A cientista Ane Alencar apresentou dados alarmantes sobre os incêndios registrados no Brasil neste ano: de 27 milhões de hectares queimados de janeiro a outubro, 55% foram só na Amazônia. Segundo Ane, especialista em estudos sobre fogo, a infraestrutura disponível para o uso do solo pela agricultura no país precisa levar em conta que o clima já mudou e a temperatura na Terra não é mesma.

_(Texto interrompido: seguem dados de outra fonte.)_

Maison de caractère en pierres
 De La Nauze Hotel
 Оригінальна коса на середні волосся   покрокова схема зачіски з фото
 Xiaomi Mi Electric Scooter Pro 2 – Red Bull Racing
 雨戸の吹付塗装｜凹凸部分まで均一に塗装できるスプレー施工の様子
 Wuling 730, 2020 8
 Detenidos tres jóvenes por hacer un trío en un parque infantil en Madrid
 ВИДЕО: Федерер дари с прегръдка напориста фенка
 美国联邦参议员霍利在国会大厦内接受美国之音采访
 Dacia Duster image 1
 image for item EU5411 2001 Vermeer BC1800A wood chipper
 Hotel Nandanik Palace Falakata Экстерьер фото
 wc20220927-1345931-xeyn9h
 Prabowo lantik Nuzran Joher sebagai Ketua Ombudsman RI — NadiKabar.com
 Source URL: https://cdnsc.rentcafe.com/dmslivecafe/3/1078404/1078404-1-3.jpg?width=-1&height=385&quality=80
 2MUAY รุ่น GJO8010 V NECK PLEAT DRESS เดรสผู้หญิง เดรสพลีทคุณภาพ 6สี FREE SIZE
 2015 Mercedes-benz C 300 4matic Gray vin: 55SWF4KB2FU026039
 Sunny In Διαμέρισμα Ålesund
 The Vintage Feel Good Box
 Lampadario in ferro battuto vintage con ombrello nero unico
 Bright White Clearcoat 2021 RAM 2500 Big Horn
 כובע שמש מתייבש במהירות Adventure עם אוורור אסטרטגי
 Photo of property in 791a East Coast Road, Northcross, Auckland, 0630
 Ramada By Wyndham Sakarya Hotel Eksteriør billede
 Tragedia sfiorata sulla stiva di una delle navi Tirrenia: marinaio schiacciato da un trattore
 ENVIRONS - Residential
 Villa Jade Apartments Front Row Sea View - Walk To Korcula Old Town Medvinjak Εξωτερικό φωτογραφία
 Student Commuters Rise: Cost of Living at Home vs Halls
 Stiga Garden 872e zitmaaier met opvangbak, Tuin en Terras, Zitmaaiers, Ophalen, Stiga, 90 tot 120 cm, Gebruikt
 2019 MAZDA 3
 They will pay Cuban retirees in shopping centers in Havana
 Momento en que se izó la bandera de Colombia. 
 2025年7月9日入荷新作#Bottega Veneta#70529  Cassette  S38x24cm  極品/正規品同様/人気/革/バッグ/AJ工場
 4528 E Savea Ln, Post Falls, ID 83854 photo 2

Outro tema abordado durante a mesa foram as consequências da instalação de usinas hidrelétricas na Amazônia, com inúmeros impactos de violação de direitos e exclusão social, beneficiando pouco quem vive na região e desconsiderando as mudanças climáticas. Segundo Ricardo Baitelo, a melhor infraestrutura de energia para a região não tem a ver com a geração e distribuição nos moldes atuais. O investimento em energia solar e eólica, segundo ele, é uma boa alternativa que vem ocorrendo no Brasil, principalmente para melhorar os índices socioeconômicos no Norte do país e democratizar o acesso à saúde educação.
“As hidrelétricas foram feitas para atender a demanda de geração de energia do país, nunca para atender a demanda dos povos”, completou Cleidiane Vieira.
Além das hidrelétricas, a construção de ferrovias e estradas, mineração, expansão de hidrovias e portos, exploração de gás e monopólios da agropecuária previstos para a região amazônica são vistos como sérias ameaças à floresta e seus habitantes, já que passam por cima dos direitos e das terras dos povos tradicionais.
Lembrando que esses povos precisam ser consultados em qualquer projeto para a região, Alessandra Munduruku foi enfática: “A gente não precisa da riqueza da mineração, de crédito de carbono, mas sim da riqueza do conhecimento, do rio limpo, da floresta em pé”, disse ela, criticando especificamente a ferrovia Ferrogrão, projetada pelo governo federal para rasgar quase mil quilômetros de floresta amazônica entre Sinop, de Mato Grosso, e Miritituba, no Pará – atingindo unidades de conservação e terras indígenas para escoar milho e soja do agronegócio do Centro-Oeste até as saídas portuárias pelo Rio Amazonas rumo ao Atlântico.
A ferrovia deve atingir em cheio as terras do povo Munduruku situadas no Médio Rio Tapajós, já impactadas por hidrovia, portos, invasão de territórios e garimpo ilegal. “Não adianta o governo falar sobre mudanças climáticas e liberar mineração e a Ferrogrão. Só no Rio Tapajós há 41 portos planejados e 27 já em operação. Vários rios e igarapés estão sendo destruídos para tirar ouro. Não comemos ouro, comemos peixe, raízes, frutos”, criticou Alessandra, finalizando: “Não tem planeta dois”.